# EXERCISE BRIEF
Please print exactly the lines from the line containing "Pizzinato l'arte come bisogno" through the end of the data, no more, and keep pictures out of the copy.

# SUPPLIED DATA

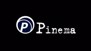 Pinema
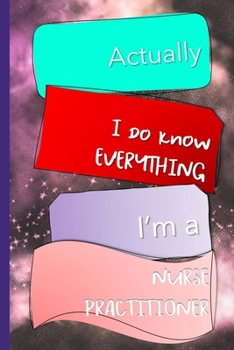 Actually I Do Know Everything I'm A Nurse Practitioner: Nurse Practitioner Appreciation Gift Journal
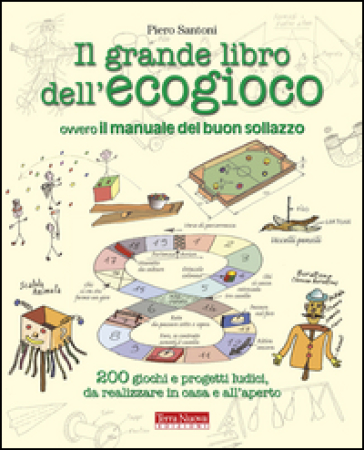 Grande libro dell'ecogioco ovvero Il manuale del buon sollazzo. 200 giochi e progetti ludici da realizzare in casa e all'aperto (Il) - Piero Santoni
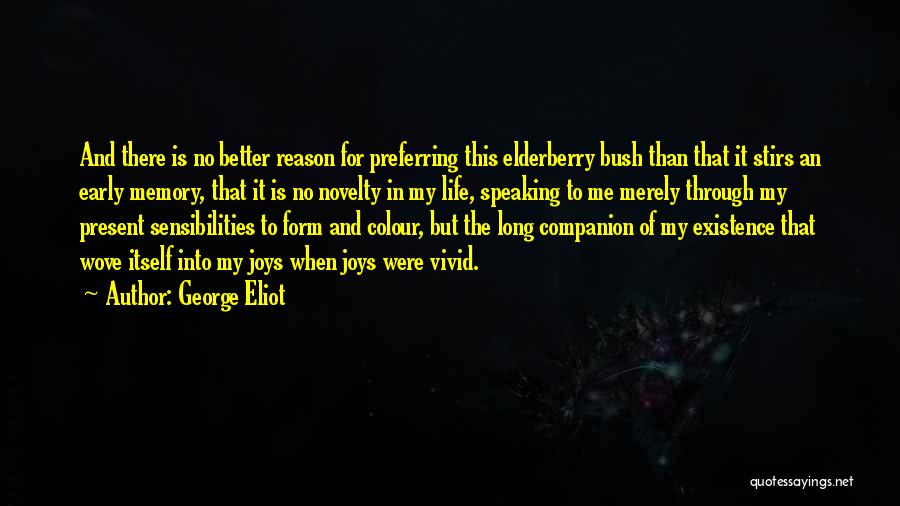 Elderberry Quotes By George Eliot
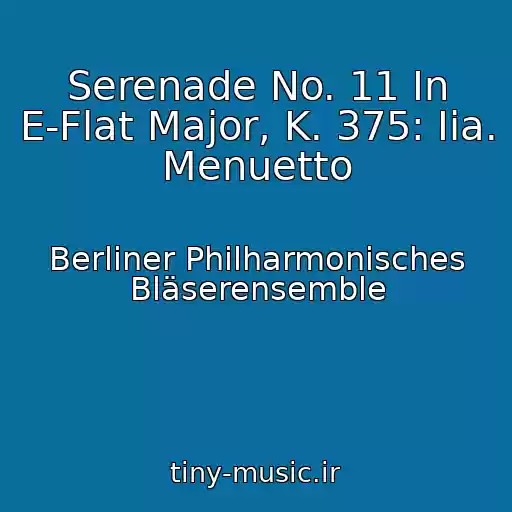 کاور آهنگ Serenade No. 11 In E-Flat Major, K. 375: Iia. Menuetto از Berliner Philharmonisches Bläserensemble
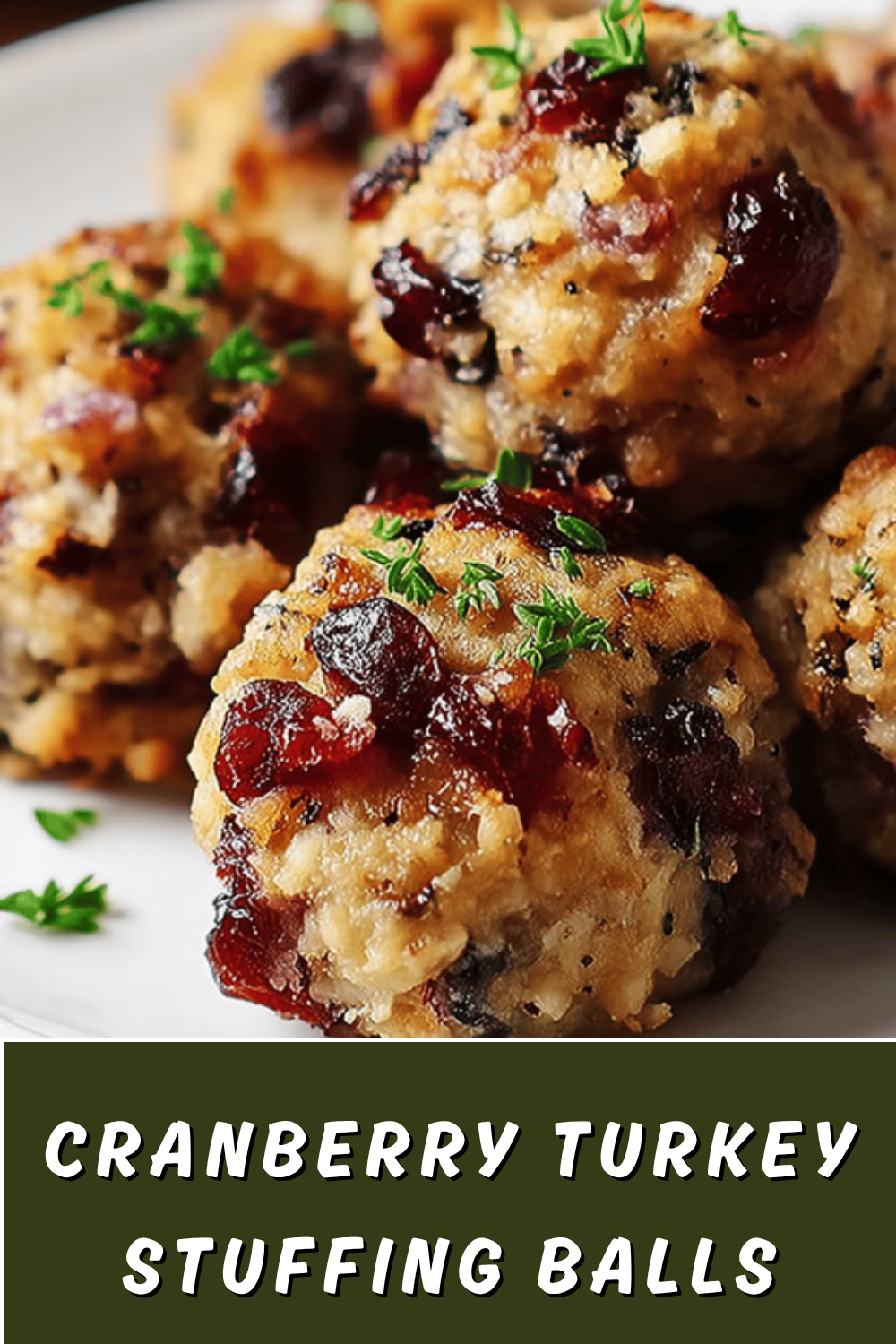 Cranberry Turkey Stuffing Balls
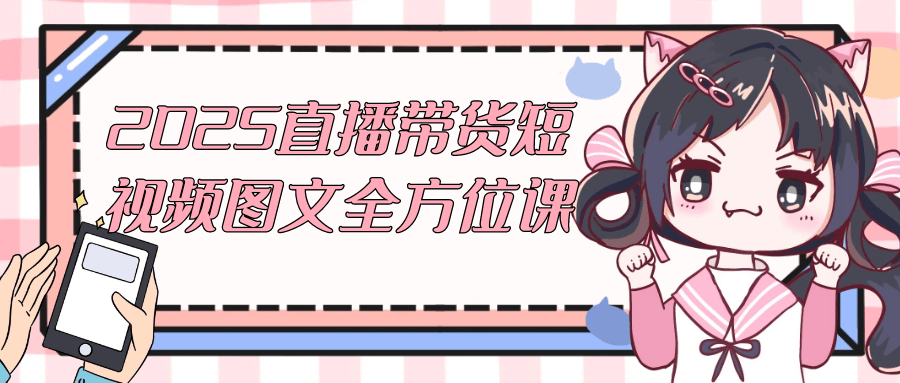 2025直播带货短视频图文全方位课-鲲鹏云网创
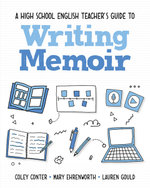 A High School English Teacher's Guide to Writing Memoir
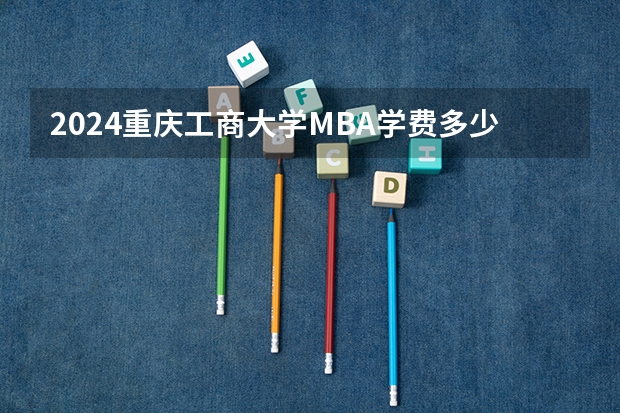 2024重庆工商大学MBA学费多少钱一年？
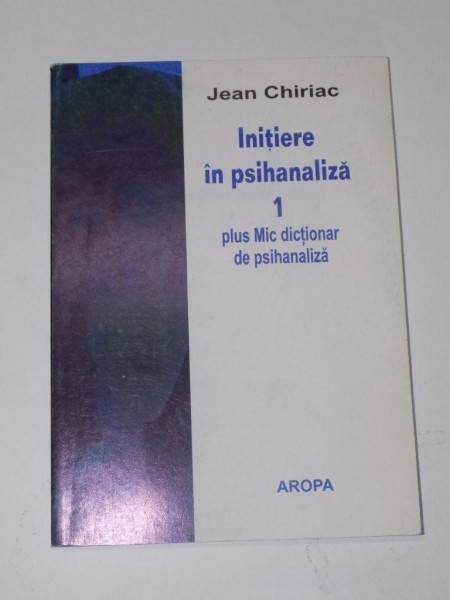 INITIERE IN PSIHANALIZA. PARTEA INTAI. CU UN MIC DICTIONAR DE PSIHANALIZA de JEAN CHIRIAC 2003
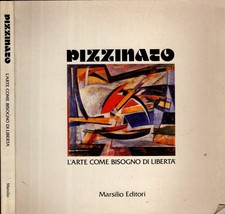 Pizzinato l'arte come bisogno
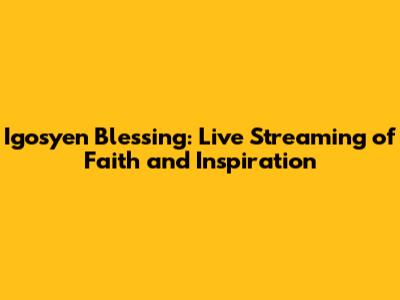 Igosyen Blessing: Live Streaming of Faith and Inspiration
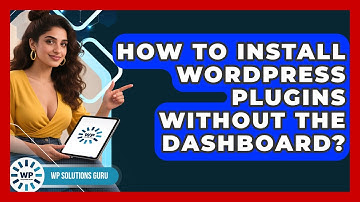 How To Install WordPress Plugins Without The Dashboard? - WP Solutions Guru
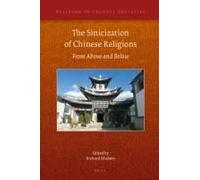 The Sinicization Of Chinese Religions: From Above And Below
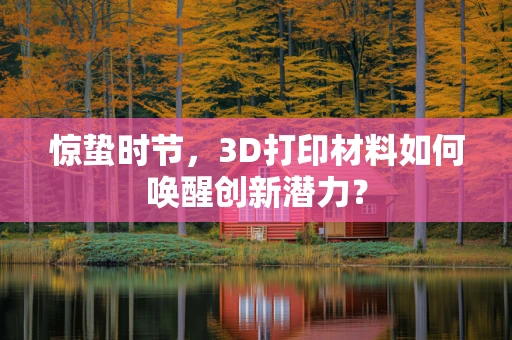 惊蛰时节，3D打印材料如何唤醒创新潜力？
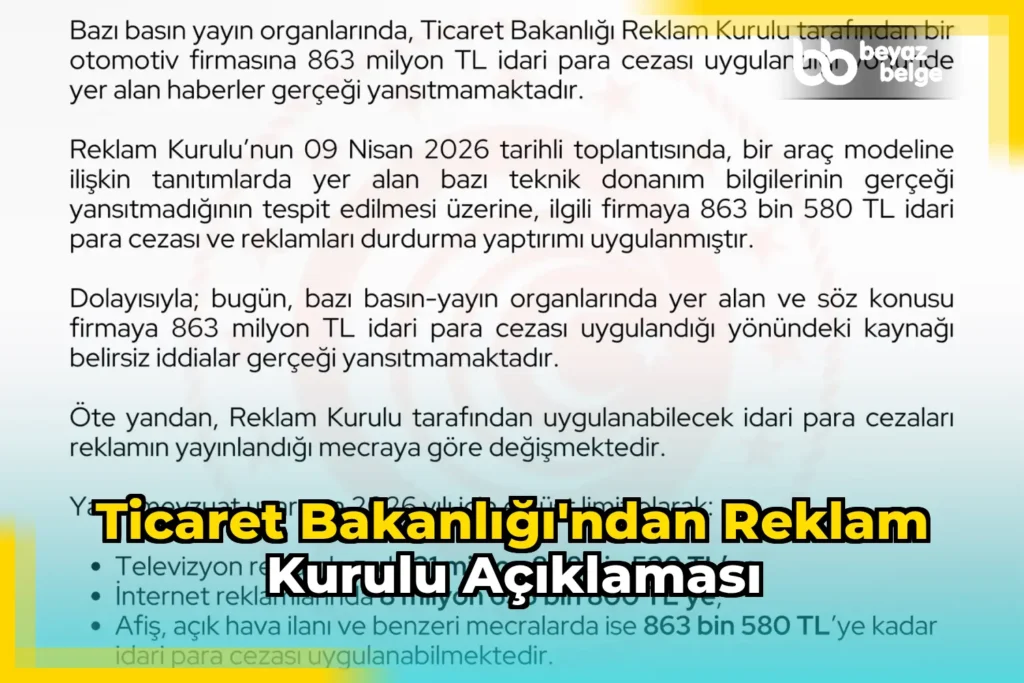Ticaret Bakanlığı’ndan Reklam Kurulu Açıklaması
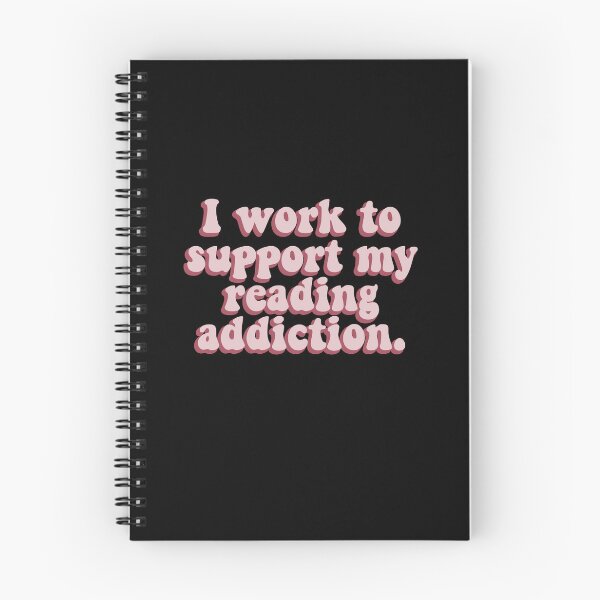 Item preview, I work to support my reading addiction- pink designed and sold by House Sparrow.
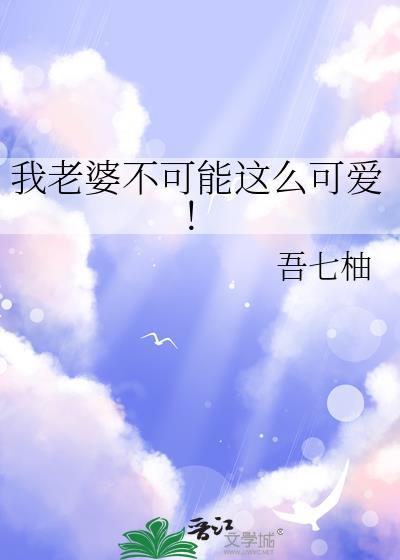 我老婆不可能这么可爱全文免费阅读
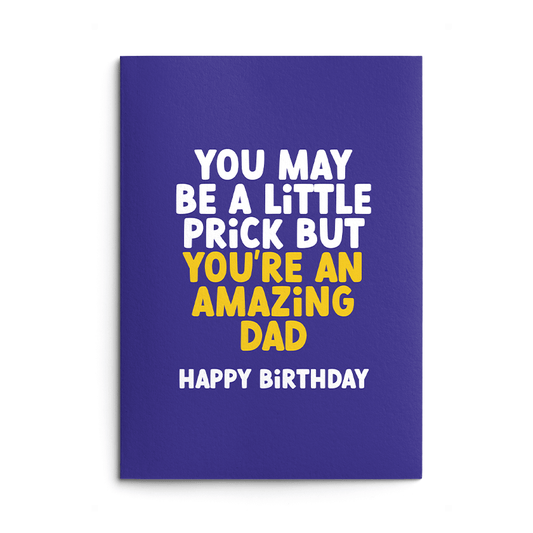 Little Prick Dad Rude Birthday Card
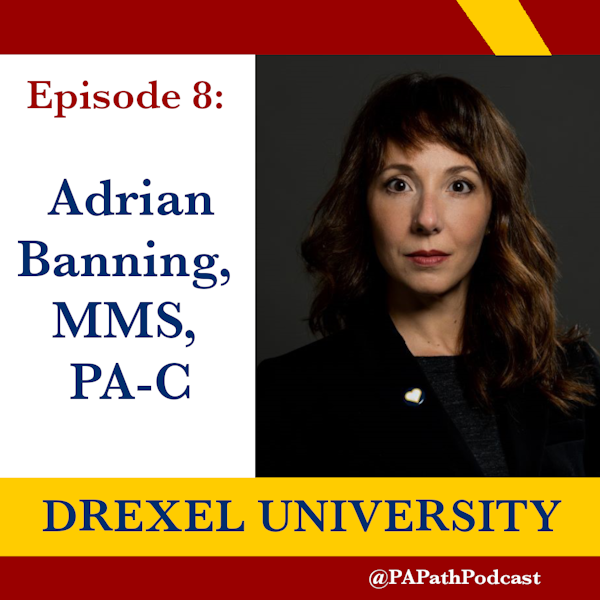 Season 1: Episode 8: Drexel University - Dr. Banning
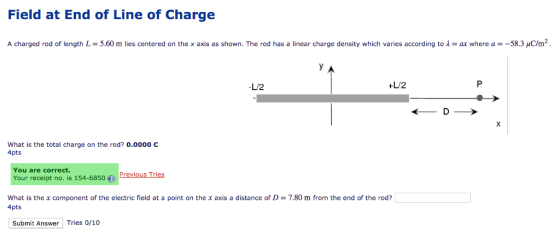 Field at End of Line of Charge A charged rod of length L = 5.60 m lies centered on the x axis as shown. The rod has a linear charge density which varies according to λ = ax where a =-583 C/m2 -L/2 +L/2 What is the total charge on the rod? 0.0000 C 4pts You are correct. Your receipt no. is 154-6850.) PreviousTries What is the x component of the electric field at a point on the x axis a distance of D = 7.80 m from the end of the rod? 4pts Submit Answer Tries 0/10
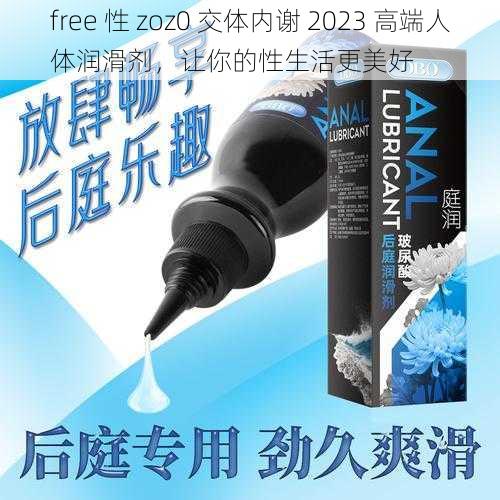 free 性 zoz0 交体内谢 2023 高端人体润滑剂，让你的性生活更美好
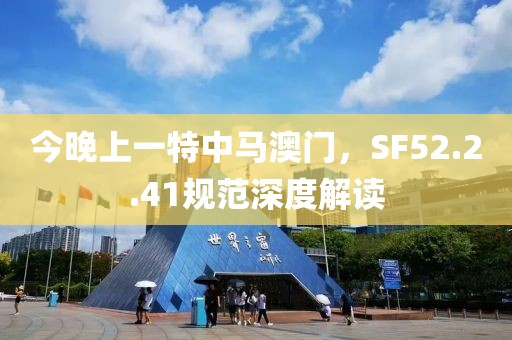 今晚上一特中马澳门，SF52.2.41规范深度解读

# EXERCISE RESULT
 Pizzinato l'arte come bisogno
 Igosyen Blessing: Live Streaming of Faith and Inspiration
 How To Install WordPress Plugins Without The Dashboard? - WP Solutions Guru
 The Sinicization Of Chinese Religions: From Above And Below
 惊蛰时节，3D打印材料如何唤醒创新潜力？
Ticaret Bakanlığı’ndan Reklam Kurulu Açıklaması
 Item preview, I work to support my reading addiction- pink designed and sold by House Sparrow.
 我老婆不可能这么可爱全文免费阅读
 Little Prick Dad Rude Birthday Card
 Season 1: Episode 8: Drexel University - Dr. Banning
 Field at End of Line of Charge A charged rod of length L = 5.60 m lies centered on the x axis as shown. The rod has a linear charge density which varies according to λ = ax where a =-583 C/m2 -L/2 +L/2 What is the total charge on the rod? 0.0000 C 4pts You are correct. Your receipt no. is 154-6850.) PreviousTries What is the x component of the electric field at a point on the x axis a distance of D = 7.80 m from the end of the rod? 4pts Submit Answer Tries 0/10
 free 性 zoz0 交体内谢 2023 高端人体润滑剂，让你的性生活更美好
 今晚上一特中马澳门，SF52.2.41规范深度解读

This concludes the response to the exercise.